Quei menagramo di Tokyo

Di Togni Paolo
26 Aprile 2007

È noto a tutti che, per fortuna, le previsioni di quei menagramo di catastrofisti non si avverano. Avevano detto che la Terra non avrebbe potuto nutrire una popolazione di quattro miliardi di persone; ce ne sono sei e mezzo, che vivono meglio, e meglio nutriti, e più a lungo, di quanto sia mai avvenuto in passato. Avevano detto che una nuova era glaciale avrebbe congelato il mondo, e stiamo vivendo anni tra i più caldi della storia recente. Avevano detto che l’umanità stava per morire di sete, e che per il controllo dell’acqua si sarebbero scatenati terribili conflitti, e il settore delle risorse idriche è quello che vede il massimo fervore di iniziative comuni tra stati frontalieri o rivieraschi: l’ultima guerra per l’acqua registrata dalla storia si è svolta duemilaseicento anni prima della nascita di Cristo e per fortuna non se ne prevede un’altra. Ora dicono che in poche decine di anni saremo tutti arrostiti, perché il nostro comportamento determina l’innalzamento delle temperature. Che la temperatura del mondo aumenti, sia pur molto meno di quanto viene reclamato, è vero: altro discorso è affermare che causa di questo aumento siano le emissioni in atmosfera determinate dall’attività antropica. In questo periodo sono stati registrati aumenti di temperatura anche su Marte, Giove e Saturno, e pensare che ne siano i nostri impianti la causa è un peccato d’orgoglio, oltre che di stupidità.
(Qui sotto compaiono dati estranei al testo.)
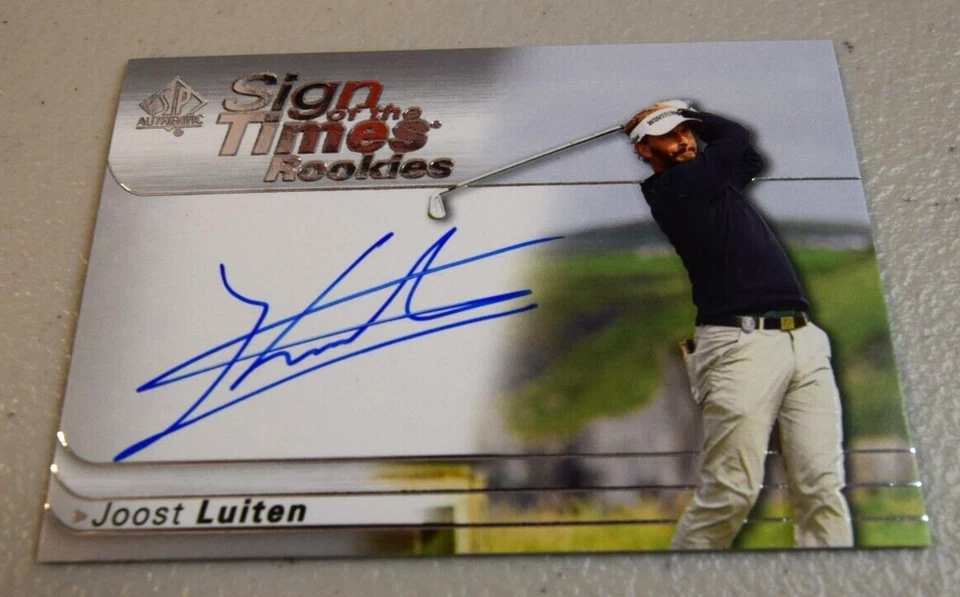 2021 SP Authentic Sign of the Times Rookies Joost Luiten #SOTTR-JL Auto RC - Image 1 of 2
Tuttavia sull’ipotesi non dimostrata che sia l’uomo la causa del riscaldamento del pianeta si stanno spendendo da parte dei paesi occidentali (ma non da tutti: gli Usa, l’Australia ed altri significativi non ci stanno; Francia e Germania, per motivi diversi, non spenderanno) migliaia di miliardi di euro. Solo l’Italia, per rispettare gli impegni di Kyoto, dovrà spendere nel periodo 2008-2012 tra 12 e 30 miliardi di euro: destinati a non lasciare traccia, poiché se gli sforzi di tutti i paesi del mondo raggiungessero gli obiettivi previsti dagli scriteriati kyotomani, l’aumento di temperatura verrebbe ridotto di soli due decimi di grado. C’è un’unica via d’uscita da questo incastro: ritirare la nostra adesione al protocollo, che è stata un atto di puro conformismo, e destinare una parte significativa delle somme richieste per Kyoto ad alleviare le conseguenze dell’aumento (naturale) della temperatura e a renderne sostenibili le conseguenze per gli italiani. Investirne una parte in ricerca scientifica e tecnologica ed una parte in un vasto programma di dissalazione non sarebbe male.